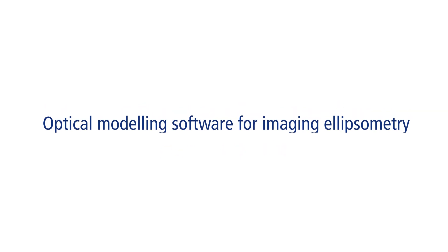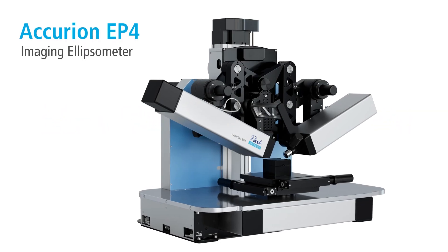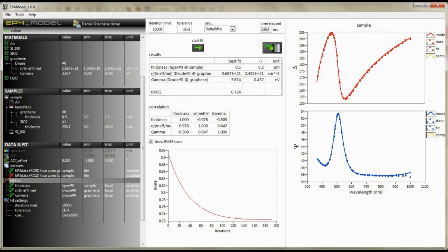Introducing the new EP4 model, a powerful modeling software tool for calculating ellipsometric data to thickness and material-specific dispersion parameters.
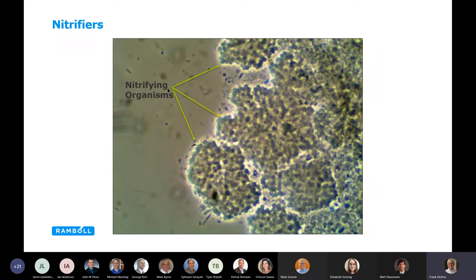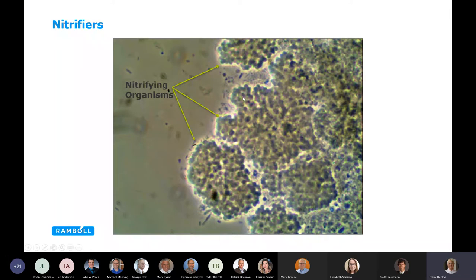We can also look for nitrifiers. If your system is required to nitrify as part of nutrient removal, you can spot nitrifiers in the biomass at high magnification — they appear like little bunches of grapes along the outside of the biomass. You have to look real close and know what you're looking for.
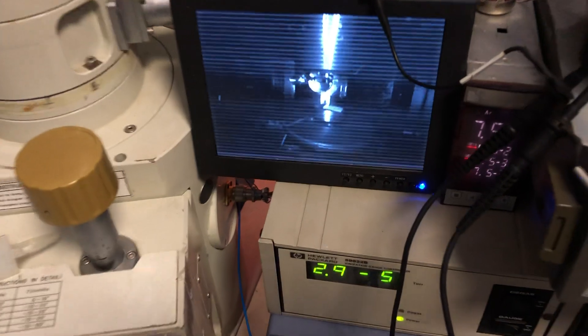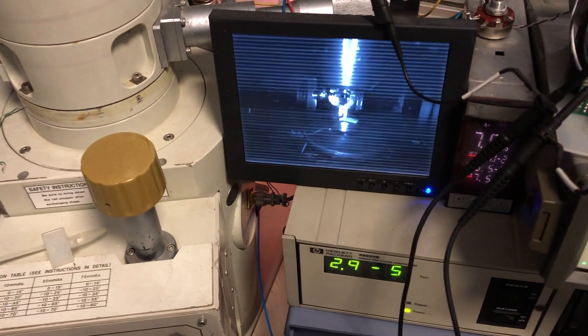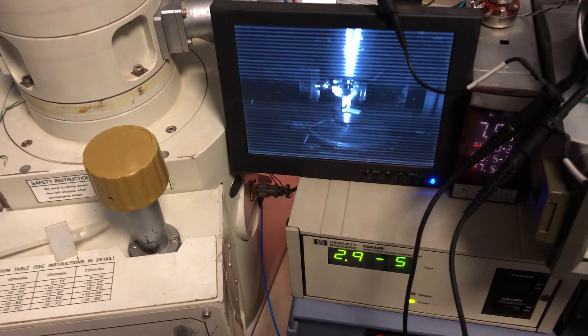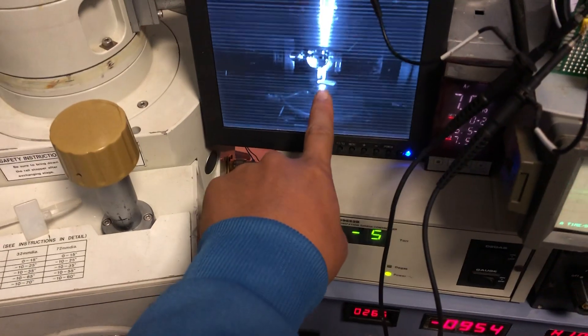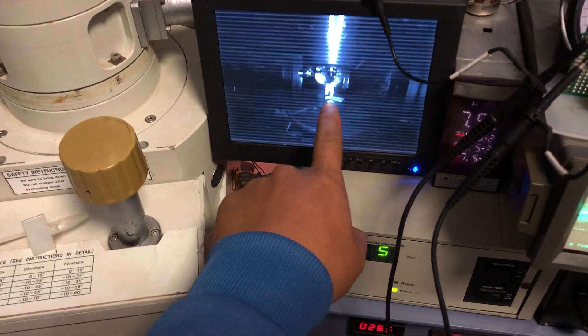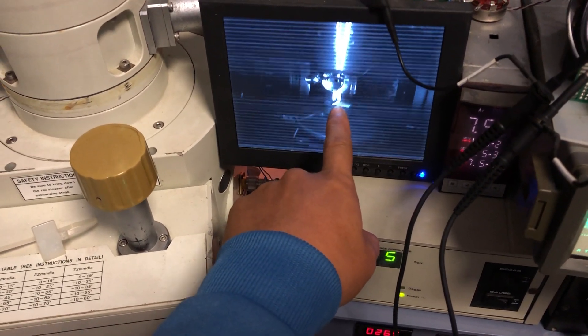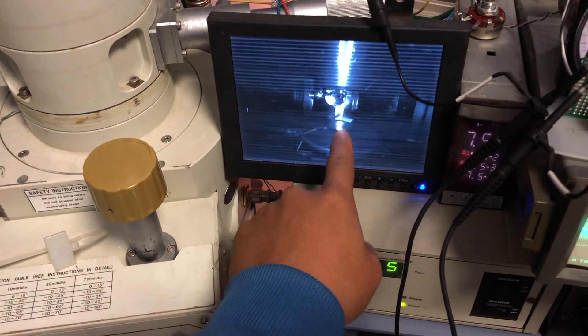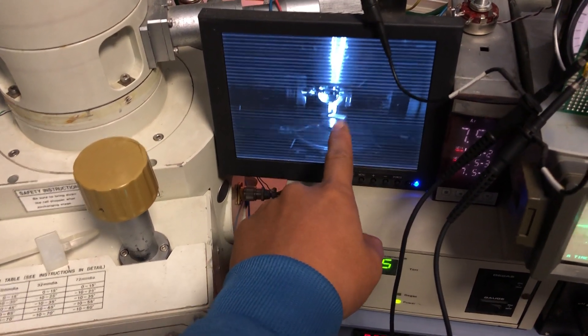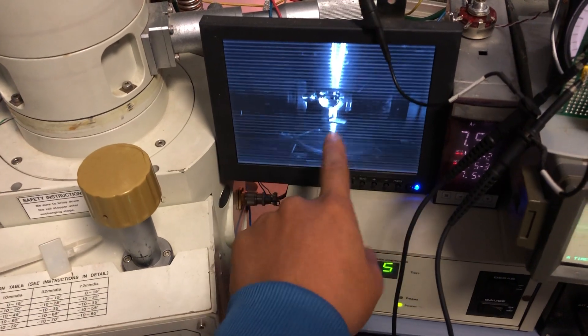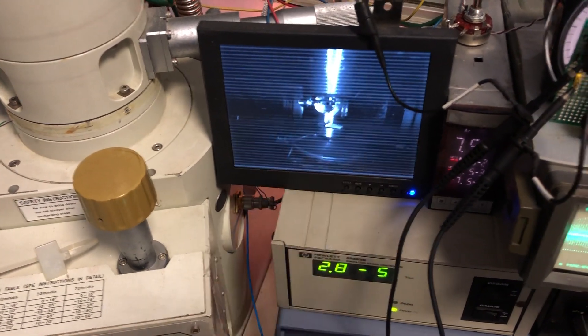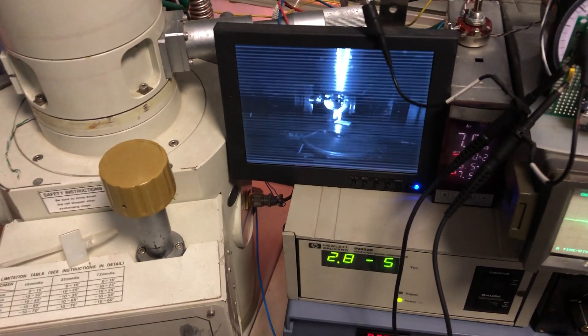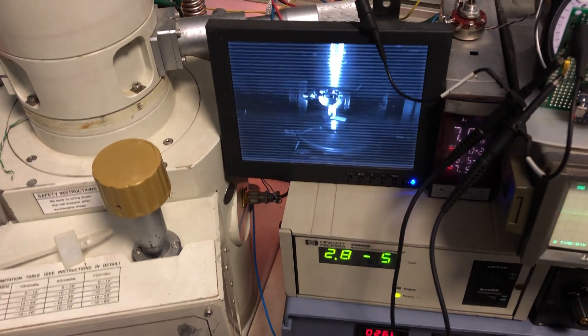Now you can see the electron beam is scanning on the phosphor disk. So you can see the white dot. It's actually the blue dot inside the phosphor disk, but it's a black and white camera so you can just see white.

> [Problem description]
Your answer must be the full listing, word for word, minus any images.

> [Response to this task]
Introducing the new EP4 model, a powerful modeling software tool for calculating ellipsometric data to thickness and material-specific dispersion parameters.
We can also look for nitrifiers. If your system is required to nitrify as part of nutrient removal, you can spot nitrifiers in the biomass at high magnification — they appear like little bunches of grapes along the outside of the biomass. You have to look real close and know what you're looking for.
Now you can see the electron beam is scanning on the phosphor disk. So you can see the white dot. It's actually the blue dot inside the phosphor disk, but it's a black and white camera so you can just see white.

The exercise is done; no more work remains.